At endjin, we are fans of System.Text.Json in the .NET runtime libraries. In particular, the JsonDocument and JsonElement types, are able to provide astonishingly high performance. Not quite as fast as the streaming Utf8JsonReader, but surprisingly close given how much easier it is to use. There's one small trap for the unwary, however: if your inputs aren't in exactly the form you expect, there are two subtly different ways in which it can tell you. This means that your code might not be as robust in the face of malformed input as you thought.

For more information about how to use these APIs, and why we like them, you could look at some of Matthew's blogs. He's written about how combining JSON Schema and code generation with System.Text.Json can offer the programmability benefits of conventional serialization but with the performance benefits of JsonElement. More recently, he wrote about how our open source Corvus.Schema library, which embodies those techniques, enjoyed a 20% performance boost thanks to improvements in .NET 8.0. Or you could watch my talk about why JsonDocument and JsonElement are able to perform so much better than more conventional techniques.

Parsing properties

The JsonElement type can represent any part of a JSON document. The JsonDocument.RootElement returns a JsonElement representing the entire document. In cases where the 'document' consists of a single value, (e.g. null) that will be the only element, but if the document is an array or an object, you can then ask the root element to give you the array items, or the object properties.
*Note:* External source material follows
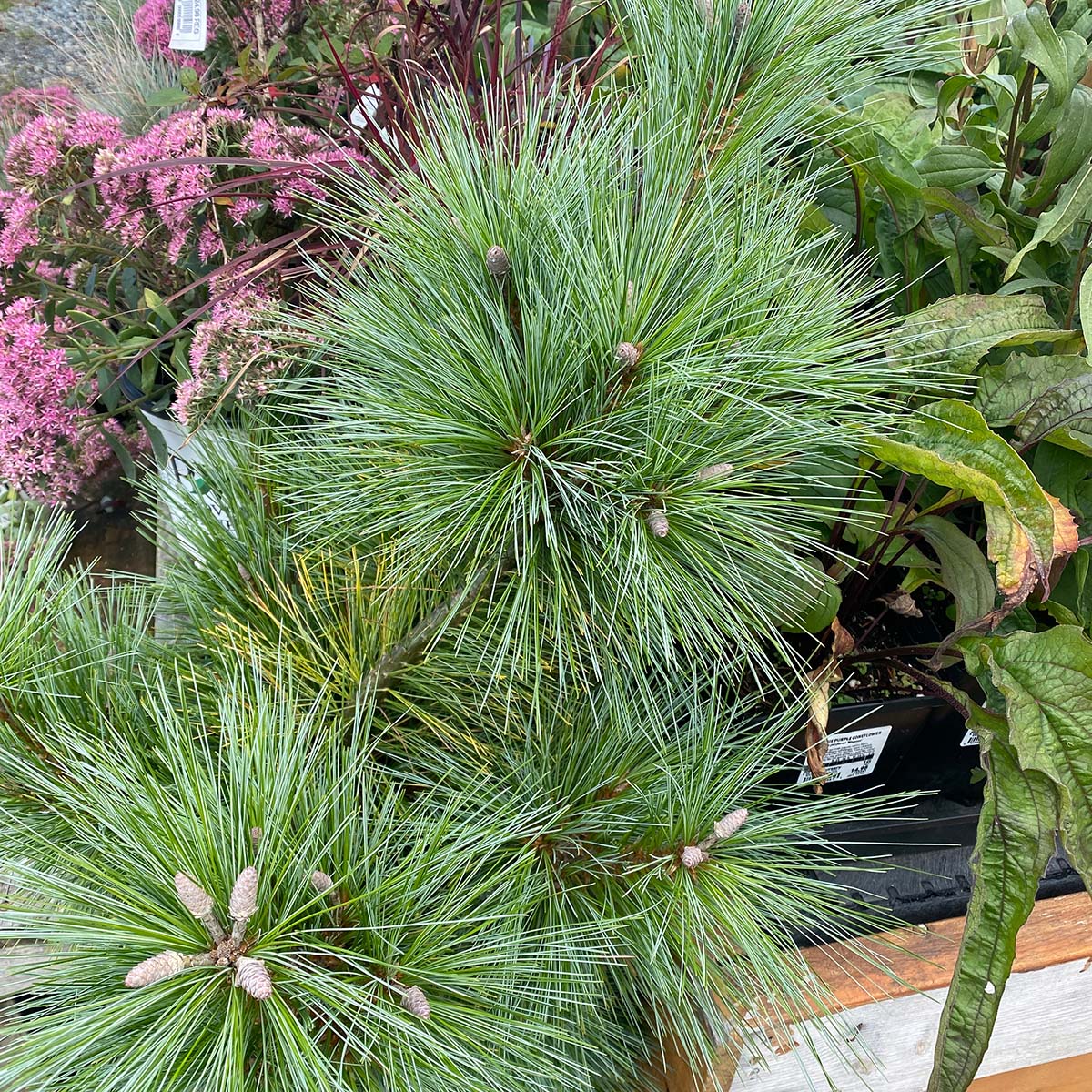 Pinus schwerinii 'Wiethorst'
Typically, you'll have expectations about the structure of incoming JSON. For example, you might expect it to look something like this:

{
    "id": 1331,
    "action": "frobnicate"
}

We could write the following code to process data in that form:

using JsonDocument document = JsonDocument.Parse(input);
JsonElement idElement = document.RootElement.GetProperty("id");
JsonElement actionElement = document.RootElement.GetProperty("action");

long id = idElement.GetInt64();
if (actionElement.ValueEquals("frobnicate"u8))
{
    Frobnicate(id);
}

You might find this a little less convenient than conventional serialization, in which we define a .NET type whose structure resembles the JSON we expect to see, and then use JsonSerializer.Deserialize to convert the JSON into an instance of that type. But if you're familiar with these APIs (or you've watched and read the video and blogs linked to above) you'll know that the approach shown here places a much lower load on the garbage collector, and that it has the potential to provide much higher throughput in high-performance systems.

There are some subtle details here. The code carefully avoids ever asking to see the value of the action property, and instead just asks if it has a particular value, and this can enable JsonElement to avoid having to create a string object on the heap. The exact type of input matters here too. In some cases, JsonDocument will need to make a copy of the data, but for certain input types such as byte[] or ReadOnlyMemory<byte> it can avoid making any copies at all, working entirely with the JSON data in whatever input buffer it lies. You need to be careful with how you use JsonElement if you want the best performance, but when you get it right, the results can be impressive. However, performance isn't the main topic of this particular post.

There's one obvious problem with the code I've shown: it does not handle malformed input.

When properties go bad

What would happen if the preceding code snippet was handed JSON that looks like this?

{
    "id": 3.14159,
    "action": true
}

I've changed two things. The id property is still a number, but it's no longer an integer. From a JSON perspective, that's not actually a change in type: it considers both just to be numbers. I've also made a change that JSON does consider a change in type: I've replaced the action property's string value with the boolean true value.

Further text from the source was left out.